(Short text fragments from websites)
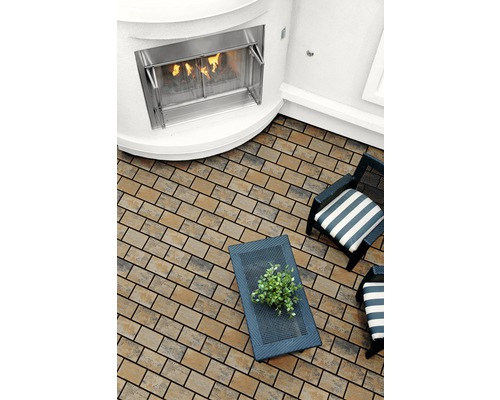 Terrasse mit Ziegelmuster, Kamin und Gartenmöbeln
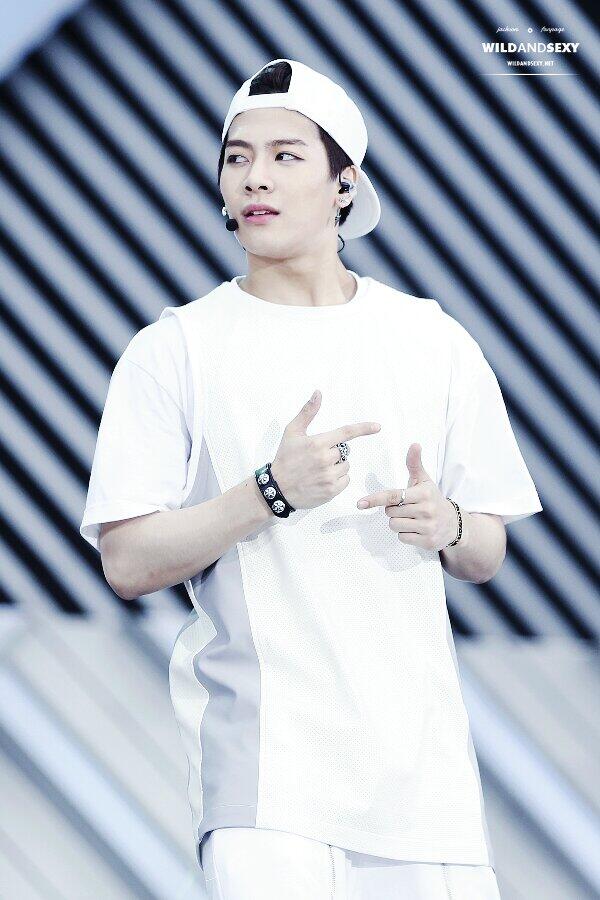 Bpkl-SnCAAAwVe6.jpg:large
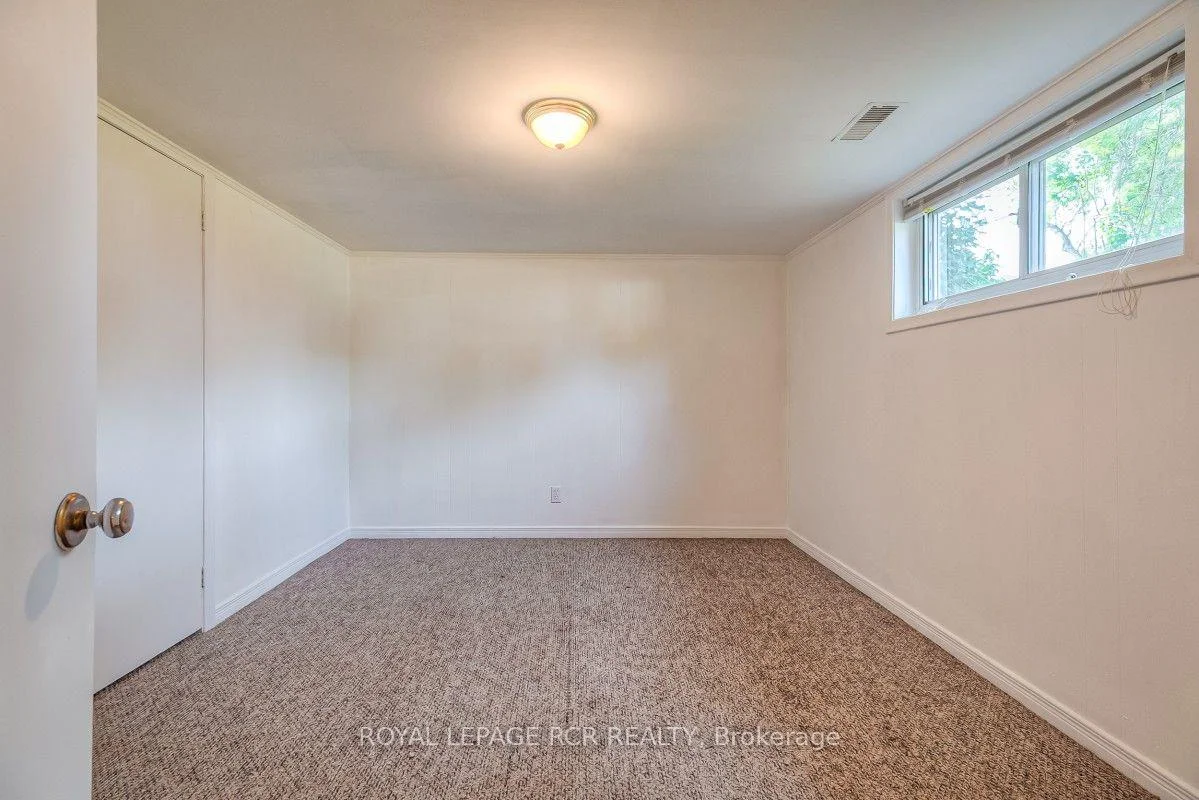 Photo 21 of 11 Jacksons Point Avenue, Georgina, Sutton & Jackson's Point — HOMEH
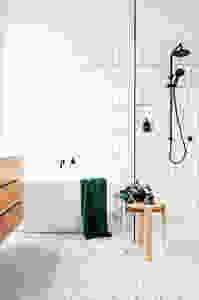 Scandinavische badkamer met witte tegels terrazzo op de vloer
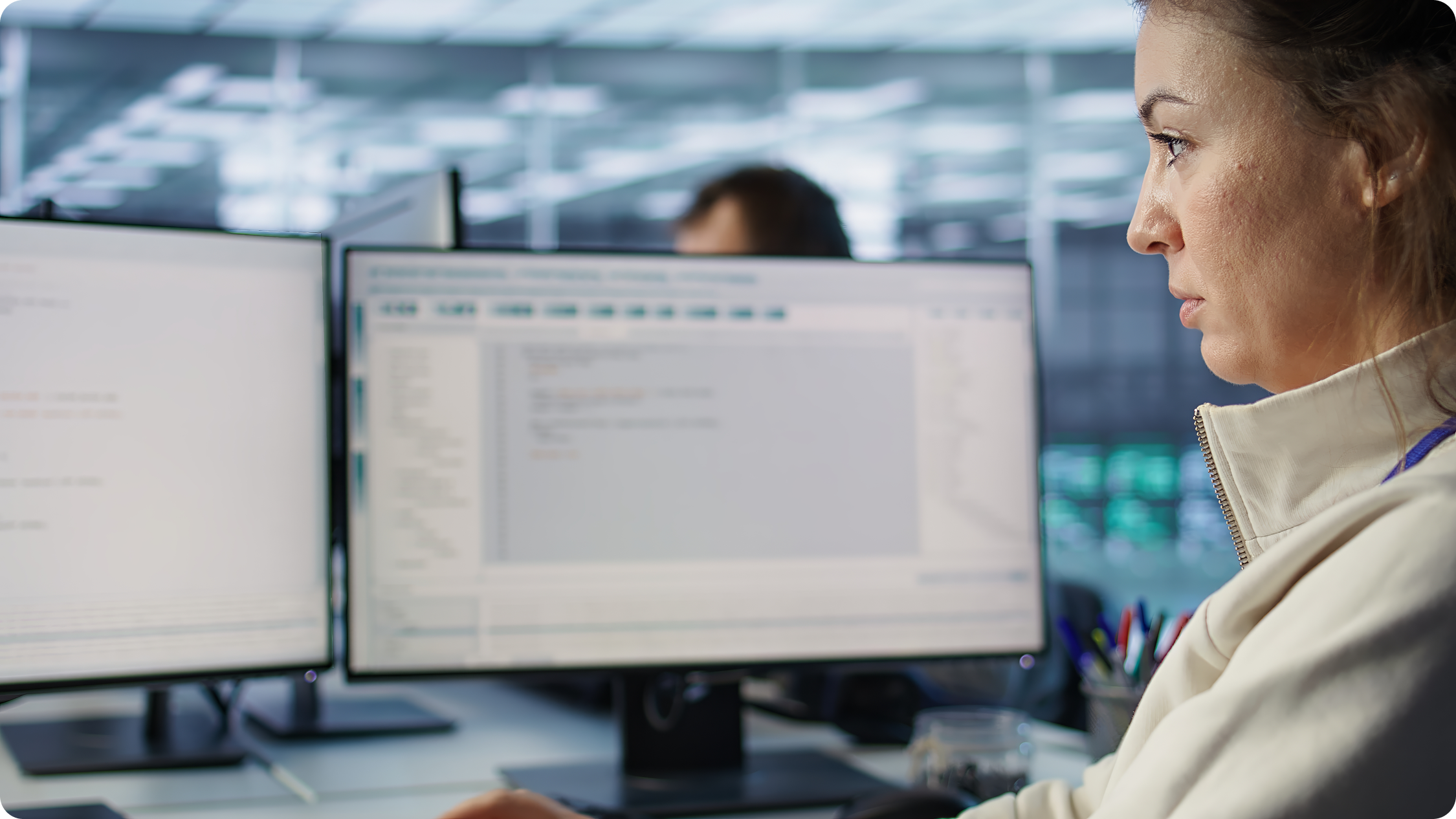 mujer-sonriente-en-la-pc-comprobando-los-cuellos-de-botella-de-los-servidores-que-conducen-fallos-de-funcionamiento 1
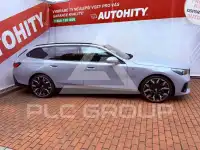 2025 BMW 523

■ WHAT IS REQUIRED: Return the data exactly. Pictures stay out.

■ TASK OUTPUT:
 Terrasse mit Ziegelmuster, Kamin und Gartenmöbeln
 Bpkl-SnCAAAwVe6.jpg:large
 Photo 21 of 11 Jacksons Point Avenue, Georgina, Sutton & Jackson's Point — HOMEH
 Scandinavische badkamer met witte tegels terrazzo op de vloer
 mujer-sonriente-en-la-pc-comprobando-los-cuellos-de-botella-de-los-servidores-que-conducen-fallos-de-funcionamiento 1
 2025 BMW 523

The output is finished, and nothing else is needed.